▶ _Given information_
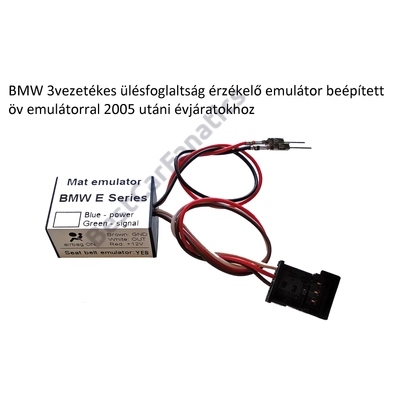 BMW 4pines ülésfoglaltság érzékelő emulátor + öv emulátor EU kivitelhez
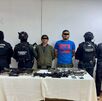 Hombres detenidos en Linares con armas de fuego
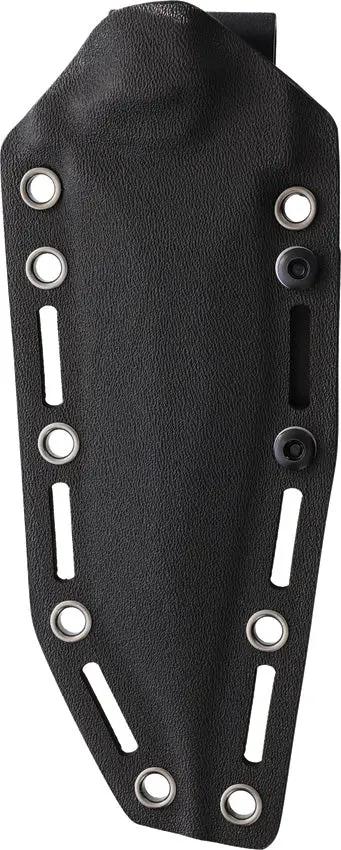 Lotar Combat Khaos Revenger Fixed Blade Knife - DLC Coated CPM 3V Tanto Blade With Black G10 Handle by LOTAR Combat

▶ _Task prompt_
Print each line above exactly as it appears, excluding all images.

▶ _Answer to the exercise_
 BMW 4pines ülésfoglaltság érzékelő emulátor + öv emulátor EU kivitelhez
 Hombres detenidos en Linares con armas de fuego
 Lotar Combat Khaos Revenger Fixed Blade Knife - DLC Coated CPM 3V Tanto Blade With Black G10 Handle by LOTAR Combat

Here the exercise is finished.